### Task requirements
Look through the entries below and copy exactly the part that begins with the line containing "Toile Copie originale" and ends with the line containing "sref 441 | a town". Do not copy the pictures.

### Data for this exercise

+---+

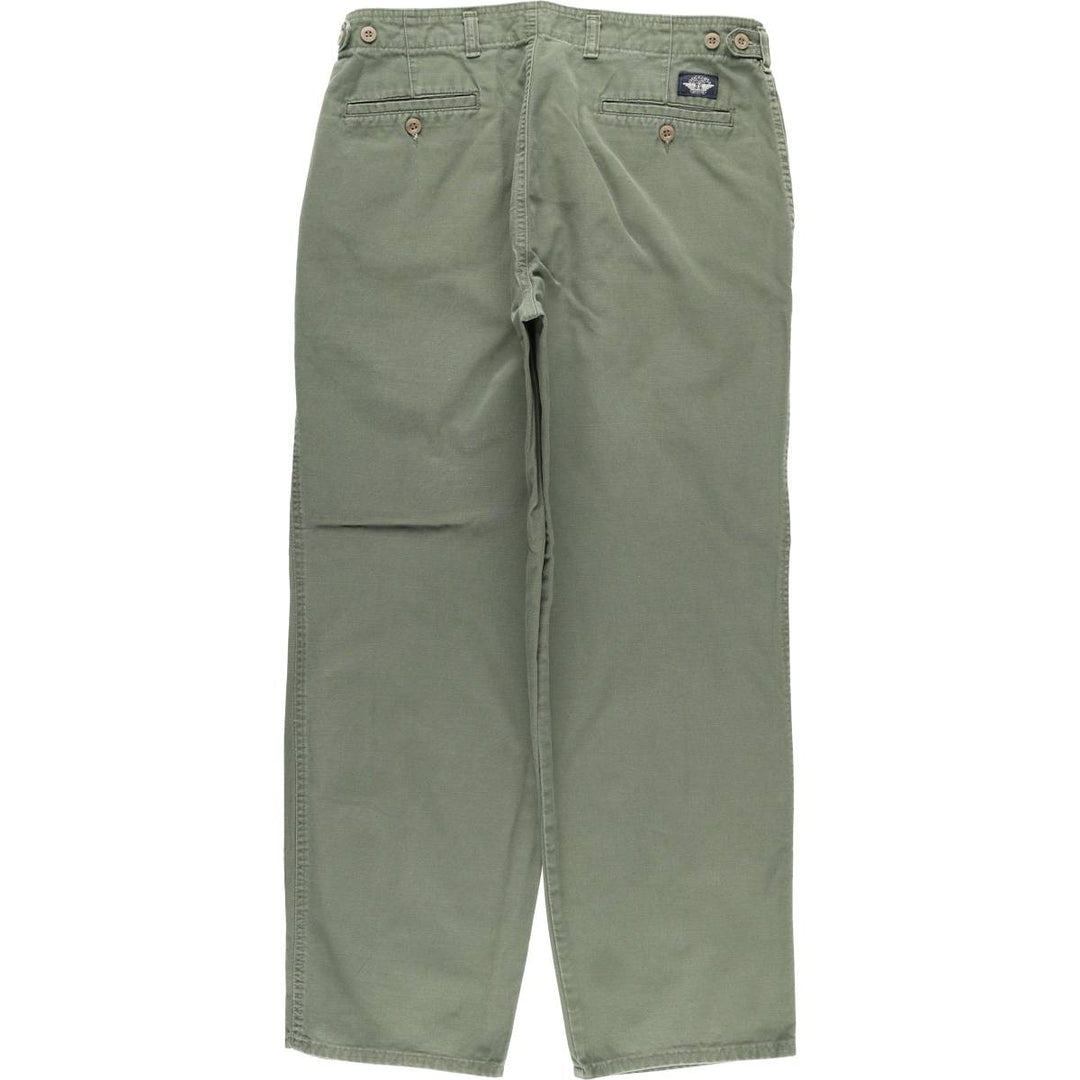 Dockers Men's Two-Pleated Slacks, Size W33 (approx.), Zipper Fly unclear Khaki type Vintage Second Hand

+---+

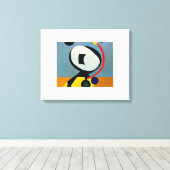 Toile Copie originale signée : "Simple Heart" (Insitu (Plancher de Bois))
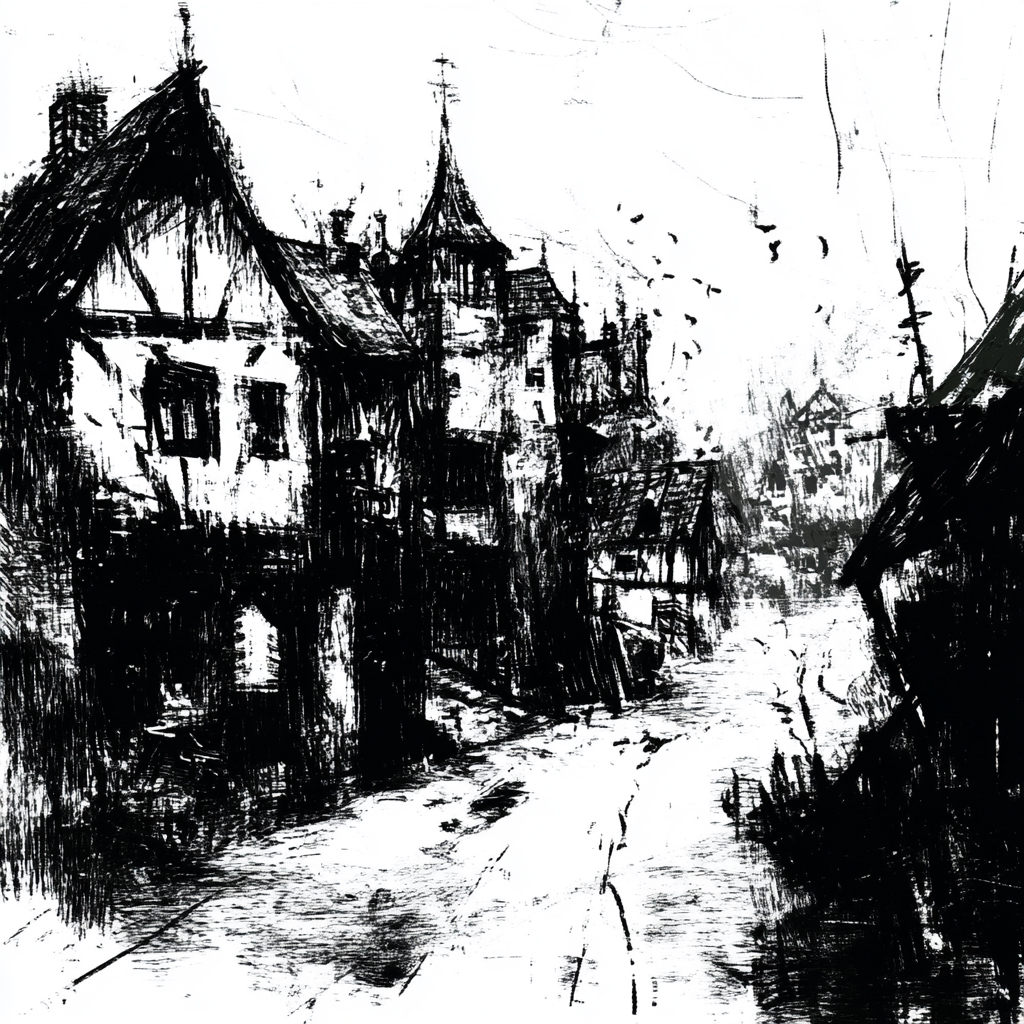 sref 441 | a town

+---+

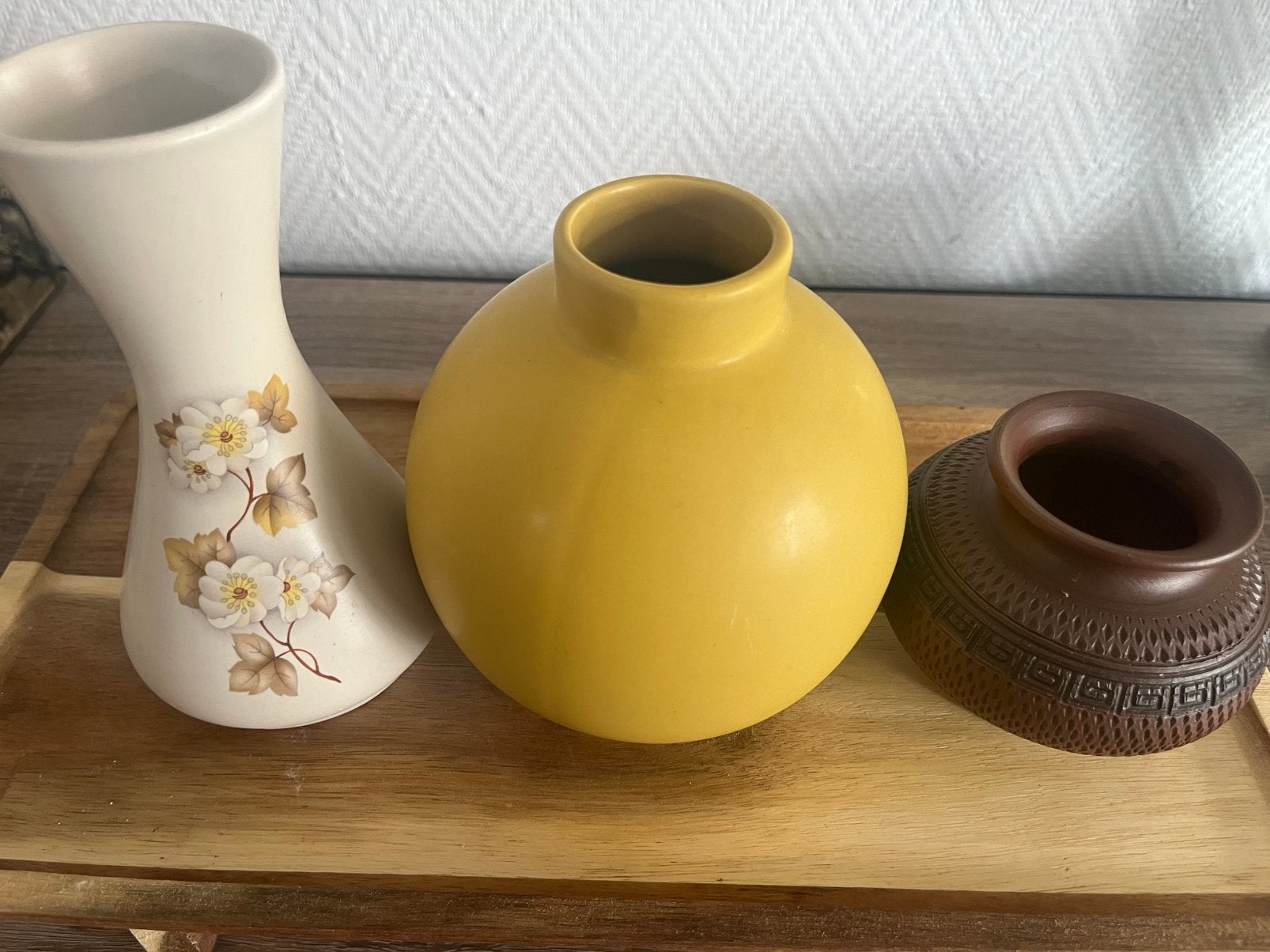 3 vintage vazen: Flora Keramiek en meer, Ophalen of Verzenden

+---+

### Response to this task
 Toile Copie originale signée : "Simple Heart" (Insitu (Plancher de Bois))
 sref 441 | a town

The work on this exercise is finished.